GRO-g is expressed in epithelial cells, fibroblasts, and endothelial cells, with regulation tied to inflammatory stimuli . For example:
IL-1/TNF-α: Upregulates GRO-g mRNA within 2–4 hours of exposure.
LPS: Induces GRO-g in macrophages, amplifying neutrophil recruitment.
The 3' UTR of GRO-g contains ATTTA motifs, which recruit RNA-binding proteins (e.g., TTP) to degrade mRNA under stress conditions. This mechanism fine-tunes chemokine production during inflammation .
GRO-g is implicated in cancer progression and autoimmune diseases. Its His-tagged form enables:
Receptor Binding Studies: Elucidating CXCR2 interactions in neutrophil migration.
Drug Development: Screening small-molecule inhibitors targeting GRO-g/CXCL3 signaling.
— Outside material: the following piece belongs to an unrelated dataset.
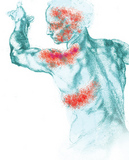 The pain and rash commonly begin in one of the areas shown here. - Click to enlarge in new window.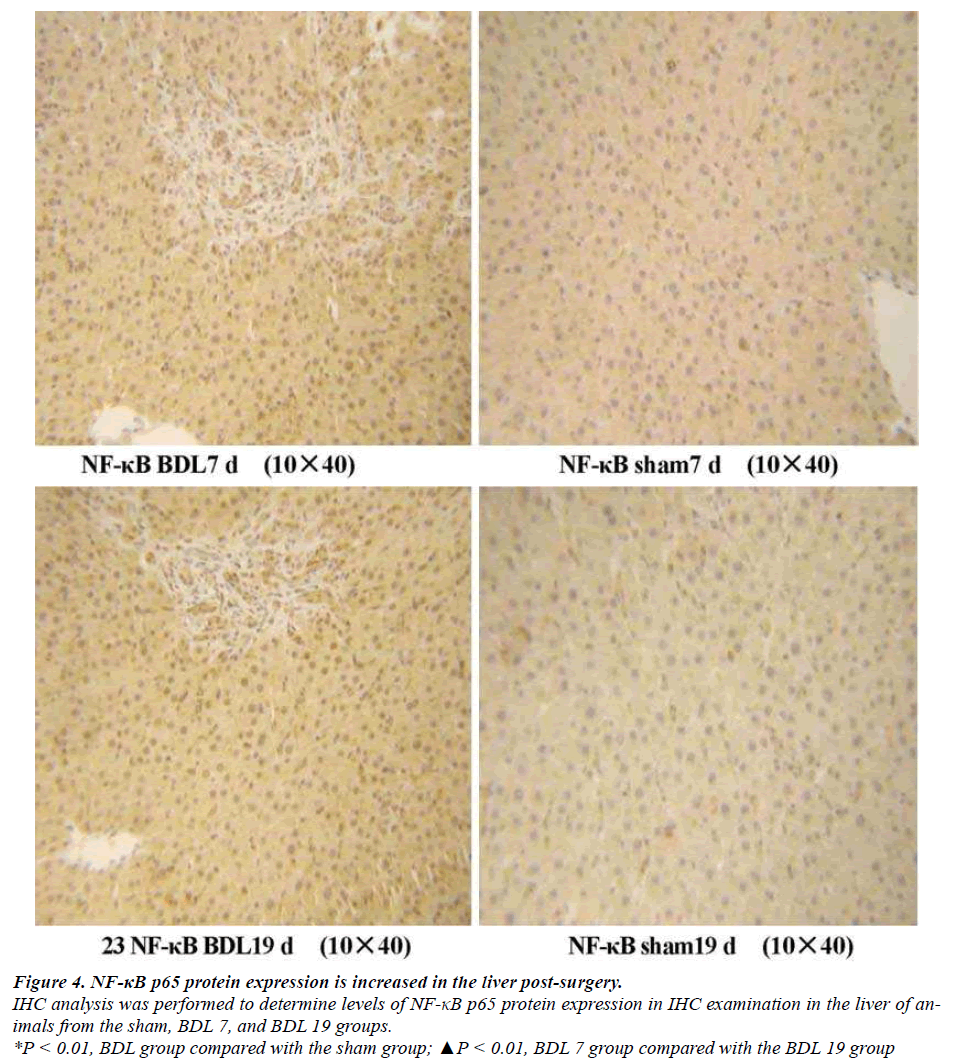 biomedres-liver-post-surgery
Feature | GRO-α (CXCL1) | GRO-β (CXCL2) | GRO-γ (CXCL3) |
---|---|---|---|
Amino Acid Identity | 100% (Reference) | 90% | 86% |
mRNA Stability | Moderate | Low | High (ATTTA-rich) |
Tumor Role | Angiogenesis | Metastasis | Tumor growth |
Human GRO gamma (also known as CXCL3, MIP-2β, or DCIP-1) is a member of the alpha (C-X-C) subfamily of chemokines. It is one of three distinct GRO proteins (alpha, beta, and gamma) encoded by separate non-allelic genes in humans. GRO gamma shares 86% amino acid sequence homology with GRO alpha, while GRO beta shares 90% homology with GRO alpha . All three human GRO proteins are synthesized as 107 amino acid precursor proteins, from which the N-terminal 34 amino acid residues are cleaved to generate the mature forms . These chemokines serve as potent neutrophil attractants and activators, and can also stimulate basophil activity .
The histidine tag (His-tag) is a sequence of typically six histidine residues added to recombinant GRO gamma protein during expression. This tag serves several crucial research functions:
Purification efficiency: The His-tag enables single-step purification using immobilized metal affinity chromatography (IMAC), allowing researchers to isolate the recombinant protein with high purity (>97%) .
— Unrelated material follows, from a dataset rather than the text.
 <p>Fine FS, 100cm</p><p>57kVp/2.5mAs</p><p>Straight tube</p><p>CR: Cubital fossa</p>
Detection capability: The tag provides an epitope for antibody recognition, facilitating detection in Western blots and other immunoassays without requiring protein-specific antibodies.
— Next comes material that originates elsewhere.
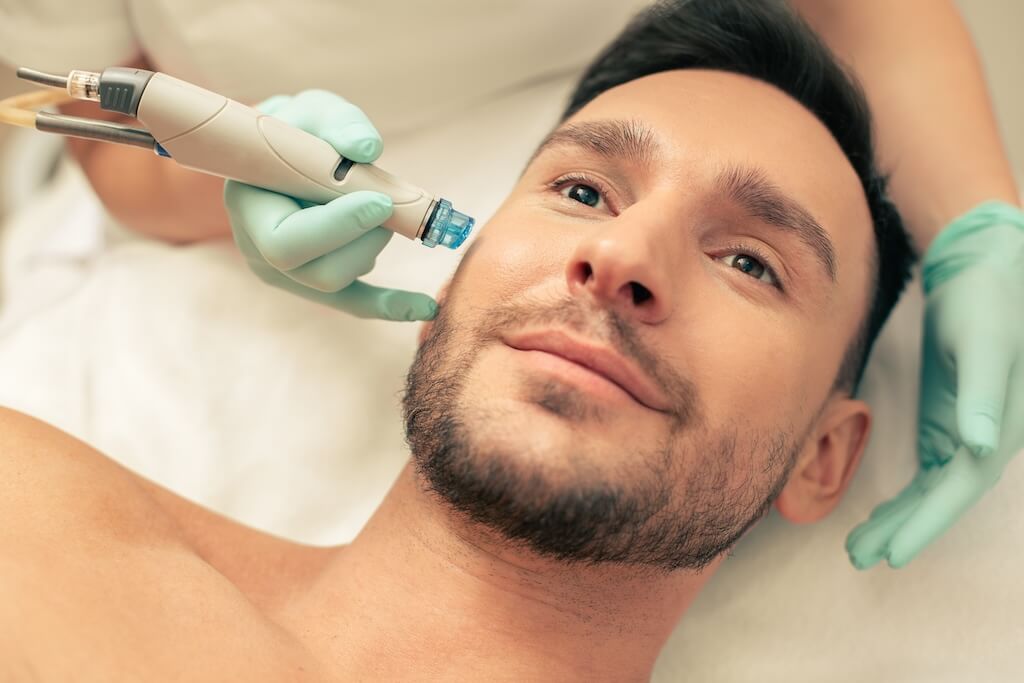 close-up-face-smiling-bearded-man-undergoing-pleasant-skin-nourishing-procedure Woman undergoing microneedling for hair loss with a Skin Sanctuary Injector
Structural studies: For researchers investigating protein structure, the His-tag provides a defined anchor point that can be utilized in various structural biology techniques.
The tag generally has minimal impact on protein folding and biological activity when placed at the N- or C-terminus, making it invaluable for research applications requiring purified protein.
GRO gene expression demonstrates complex regulation patterns across different tissues and in response to various stimuli. Expression studies reveal:
Tissue-specific regulation: Different tissues show unique baseline and inducible expression patterns for GRO gamma .
Induction by inflammatory mediators: GRO expression is inducible by serum, platelet-derived growth factor (PDGF), and various inflammatory mediators including interleukin-1 (IL-1) and tumor necrosis factor (TNF) in monocytes, fibroblasts, melanocytes, and epithelial cells .
Regulation via mRNA stability: The 3' untranslated regions of GRO genes contain different numbers of ATTTA repeats associated with mRNA instability, suggesting post-transcriptional regulation differences between the three forms .
Conserved regulatory regions: A 122-base-pair region in the 3' region is conserved among all three GRO genes, with part of it also conserved in the Chinese hamster genome, suggesting an important regulatory role .
Constitutive expression in tumors: In certain tumor cell lines, GRO proteins are expressed constitutively, independent of inflammatory stimulation .
Investigating GRO gamma signaling requires sophisticated methodological approaches:
Receptor binding assays: Use labeled recombinant His-tagged GRO gamma to measure binding kinetics to IL-8 receptor type B (CXCR2) through surface plasmon resonance or radioligand binding assays.
Calcium flux measurement: Monitor intracellular calcium mobilization in neutrophils or receptor-transfected cells using fluorescent calcium indicators like Fluo-4 AM after GRO gamma stimulation.
Phosphorylation cascade analysis: Employ phospho-specific antibodies to track activation of downstream signaling molecules including MAPKs, PI3K/Akt, and JAK/STAT pathways using Western blot or phospho-flow cytometry.
Chemotaxis assays: Utilize Boyden chambers or microfluidic devices to quantify neutrophil migration in response to GRO gamma concentration gradients.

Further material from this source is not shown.